▶ **DATA PROVIDED**:
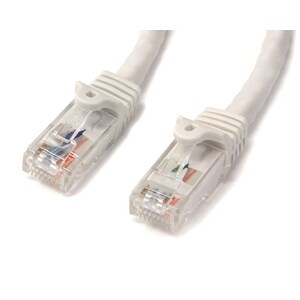StarTech.com 3m White Gigabit Snagless RJ45 UTP Cat6 Patch Cable - 3 m Patch Cord - Ethernet Patch Cable - RJ45 Male to Ma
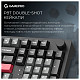 Клавиатура GamePro Asgard Drakkar Keychron Super Red Switch Black (MK305BK)
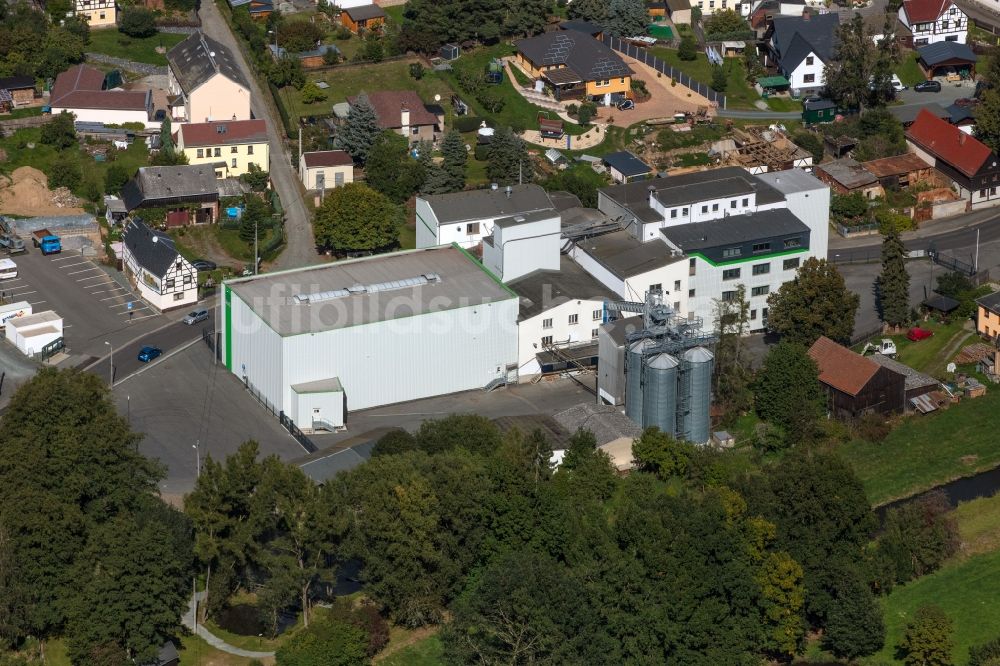 Plauen aus der Vogelperspektive: Werksgelände Vogtland BioMühlen GmbH in Plauen im Bundesland Sachsen, Deutschland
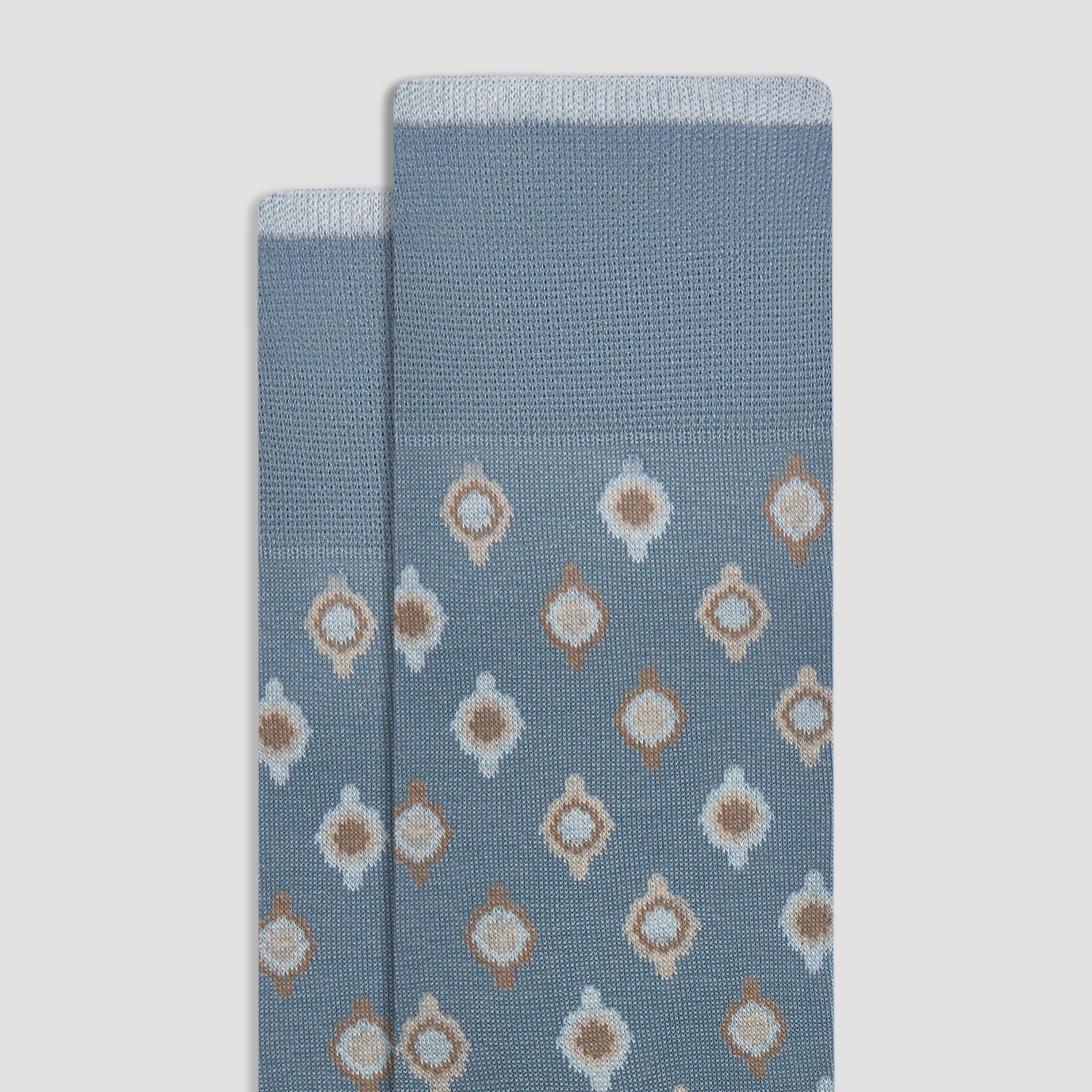 Medallion Mid-Calf Socks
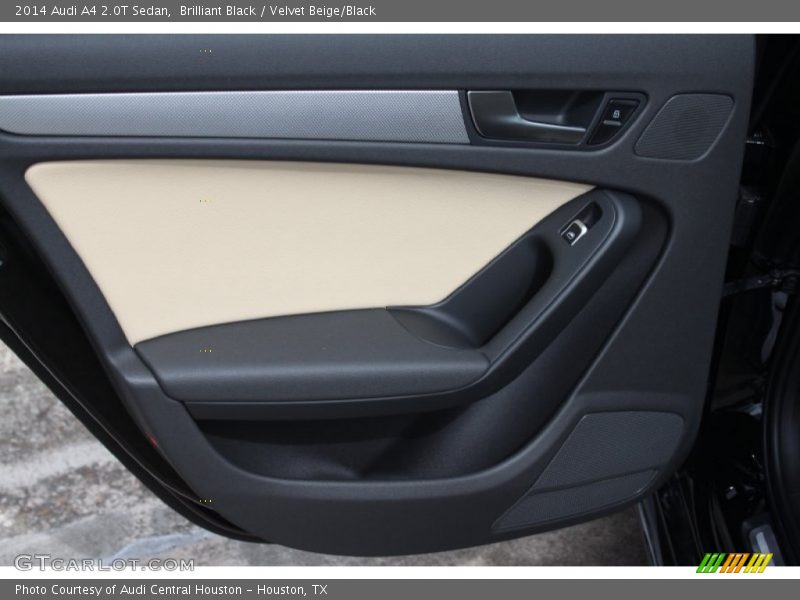 Brilliant Black / Velvet Beige/Black 2014 Audi A4 2.0T Sedan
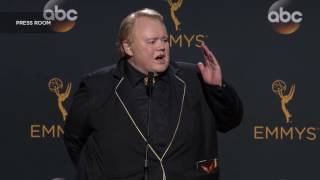 Emmy winner Louie Anderson quotBasketsquot in the press room  2016 Primetime Emmys [upl. by Bertrando99]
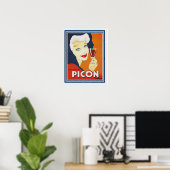 Poster Années 1930 Picon Apertif Français Ad- 16x20 (Bureau à domicile)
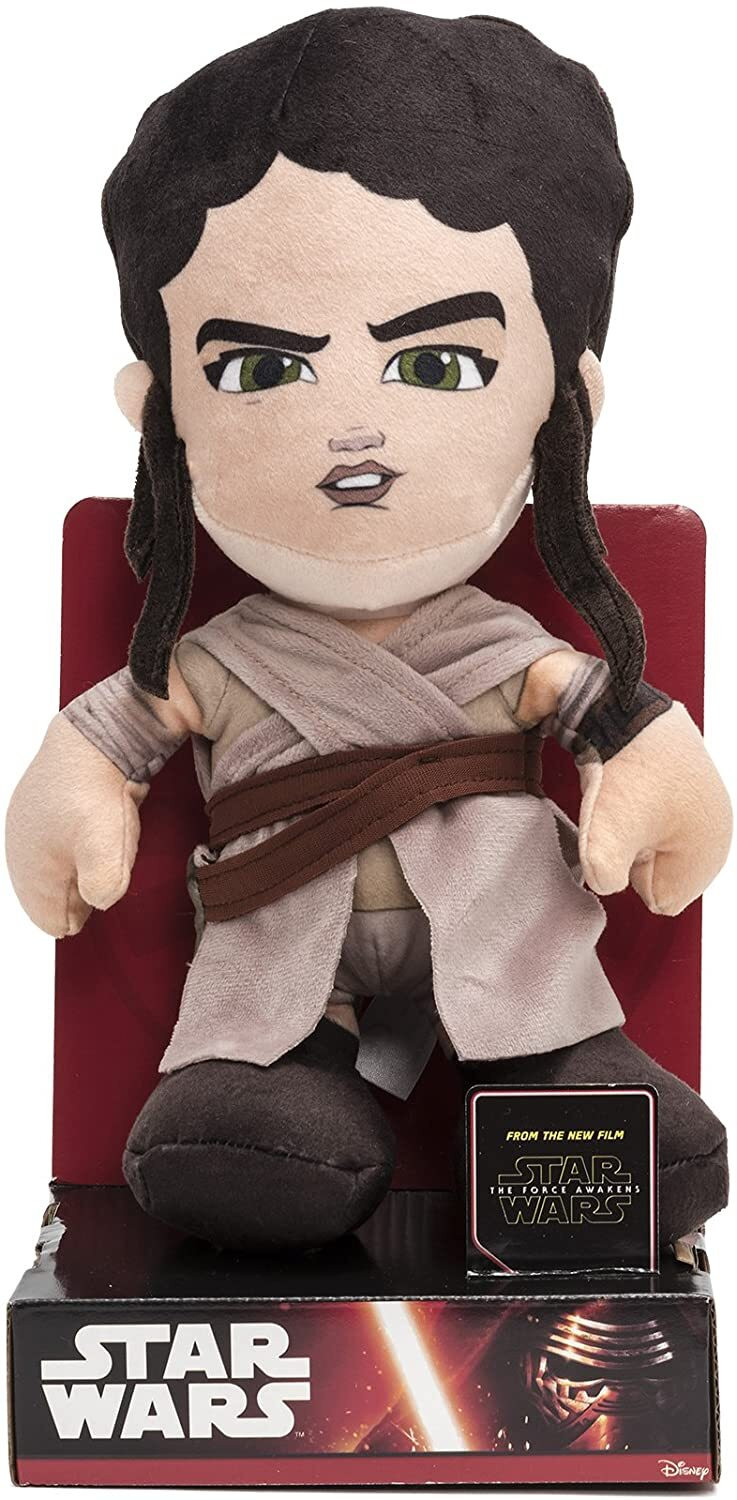 Joy Toy Star Wars verzamelpluche figuur Rey, 25 cm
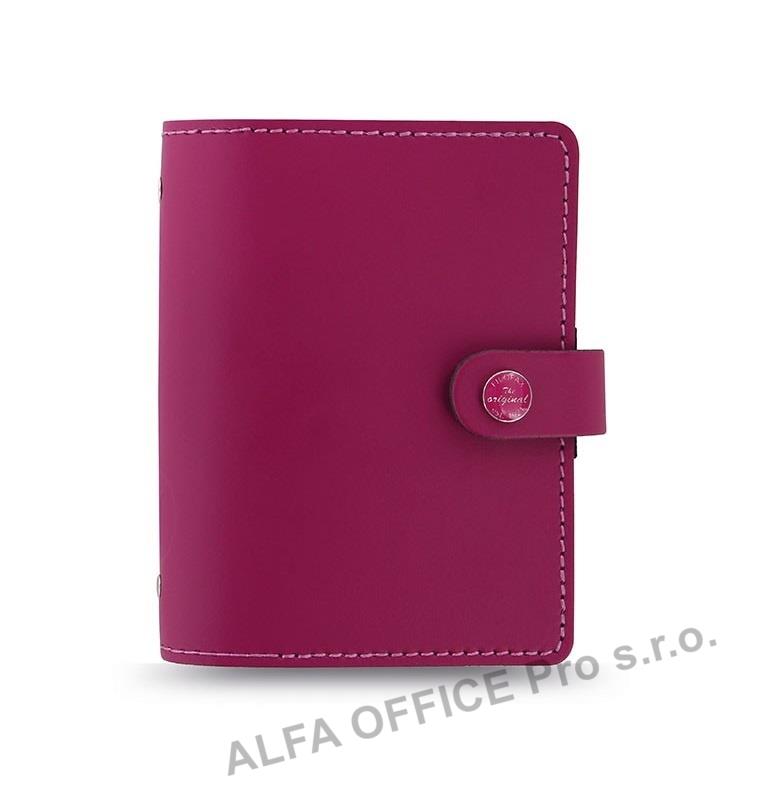 Filofax The Original A7 kapesní týdenní malinová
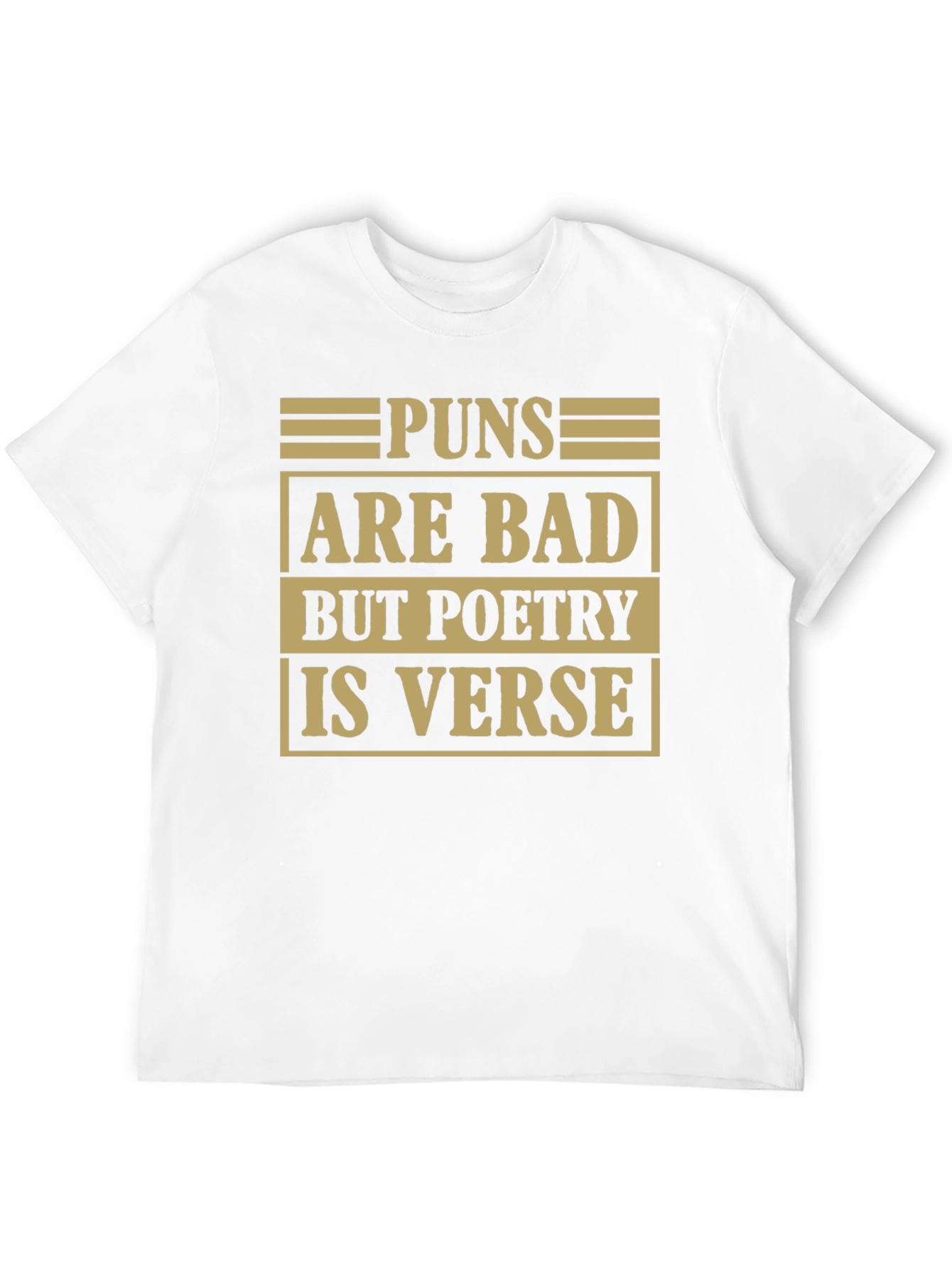 Pun Poetry Graphic Tee - Humorous Literary Shirt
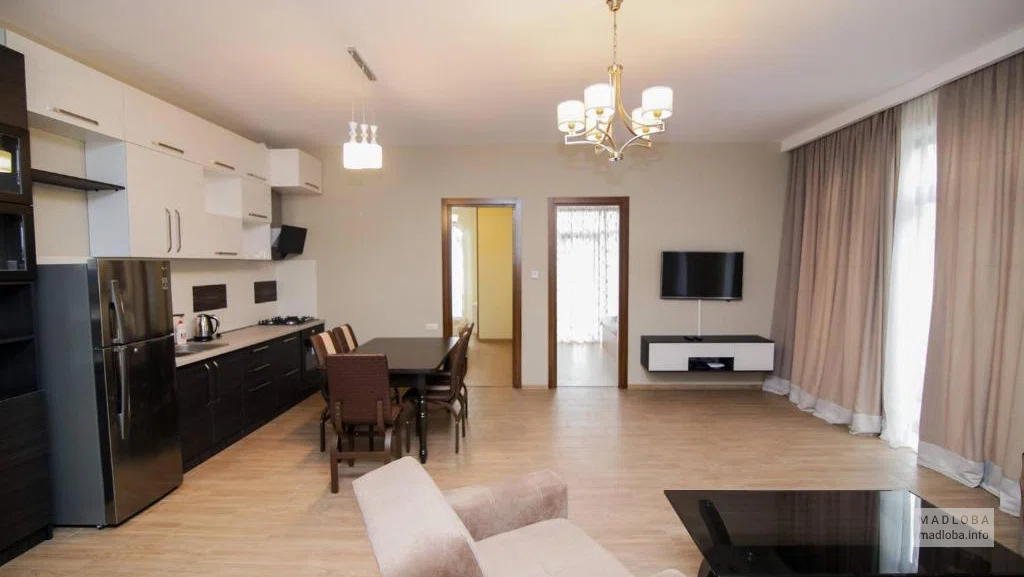 Тбилиси Apartments 4You интерьер столовое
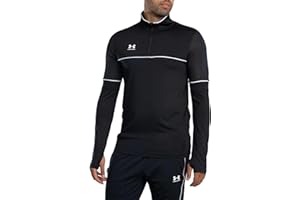 Under Armour Uomo Giacca Da Allenamento Challenger Con Cerniera 1/4, Blue/Green
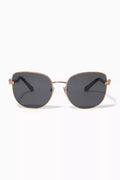 Cat-eye Sunglasses in Metal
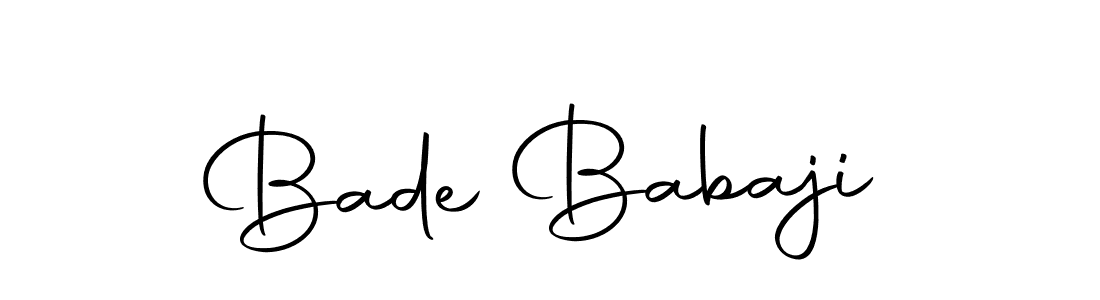 Make a beautiful signature design for name Bade Babaji. With this signature (Autography-DOLnW) style, you can create a handwritten signature for free. Bade Babaji signature style 10 images and pictures png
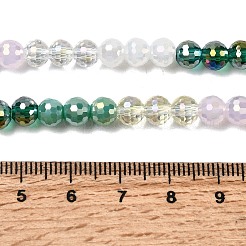 Стеклянные бусины с гальваническим покрытием &nbsp;EGLA-D300-06-6mm-19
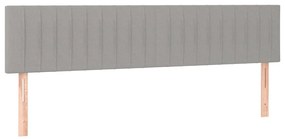 világosszürke szövet LED-es fejtámla 180x5x78/88 cm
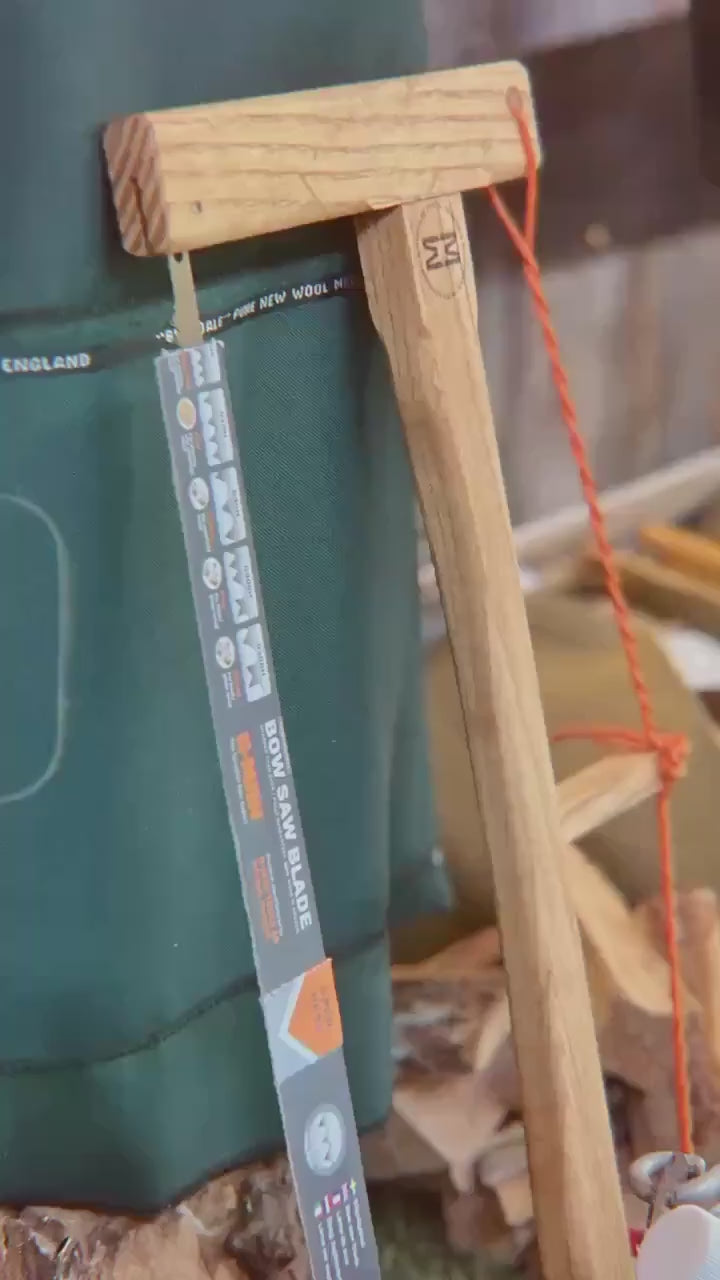 American Ash 21" Buck Saw - Handmade in England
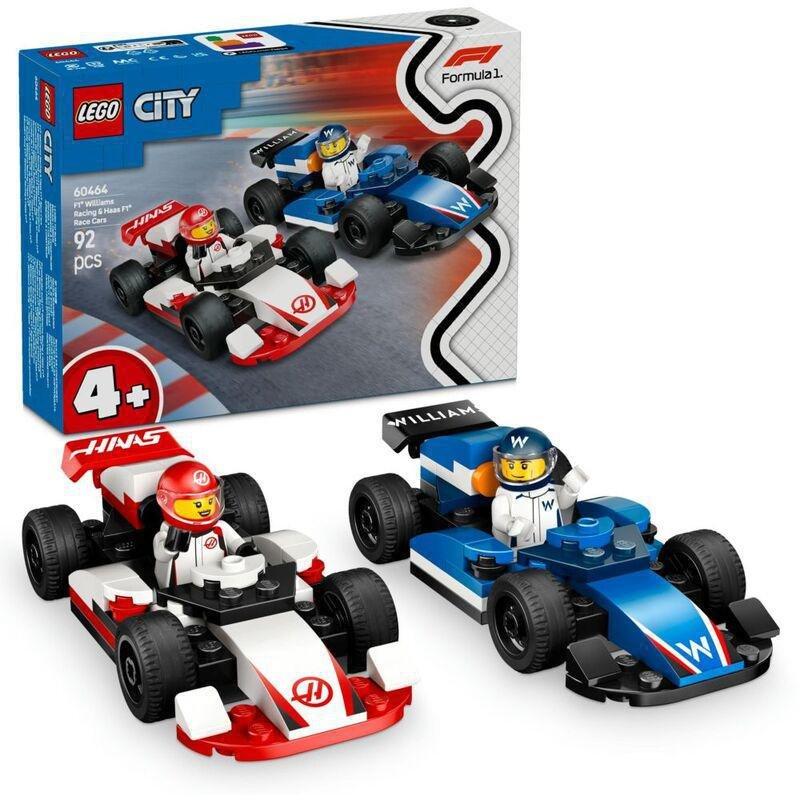 LEGO City F1 Williams Racing And Haas F1 Race Cars 60464 (92 Pieces), , large image number 0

▶ **WORK TASK**:
The entries above are to be restated verbatim, with no pictures carried over.

▶ **REPLY TO THE EXERCISE**:
StarTech.com 3m White Gigabit Snagless RJ45 UTP Cat6 Patch Cable - 3 m Patch Cord - Ethernet Patch Cable - RJ45 Male to Ma
 Клавиатура GamePro Asgard Drakkar Keychron Super Red Switch Black (MK305BK)
 Plauen aus der Vogelperspektive: Werksgelände Vogtland BioMühlen GmbH in Plauen im Bundesland Sachsen, Deutschland
 Medallion Mid-Calf Socks
 Brilliant Black / Velvet Beige/Black 2014 Audi A4 2.0T Sedan
 Emmy winner Louie Anderson quotBasketsquot in the press room  2016 Primetime Emmys [upl. by Bertrando99]
 Poster Années 1930 Picon Apertif Français Ad- 16x20 (Bureau à domicile)
 Joy Toy Star Wars verzamelpluche figuur Rey, 25 cm
 Filofax The Original A7 kapesní týdenní malinová
 Pun Poetry Graphic Tee - Humorous Literary Shirt
 Тбилиси Apartments 4You интерьер столовое
 Under Armour Uomo Giacca Da Allenamento Challenger Con Cerniera 1/4, Blue/Green
 Cat-eye Sunglasses in Metal
 Make a beautiful signature design for name Bade Babaji. With this signature (Autography-DOLnW) style, you can create a handwritten signature for free. Bade Babaji signature style 10 images and pictures png
 Стеклянные бусины с гальваническим покрытием &nbsp;EGLA-D300-06-6mm-19
 világosszürke szövet LED-es fejtámla 180x5x78/88 cm
 American Ash 21" Buck Saw - Handmade in England
 LEGO City F1 Williams Racing And Haas F1 Race Cars 60464 (92 Pieces), , large image number 0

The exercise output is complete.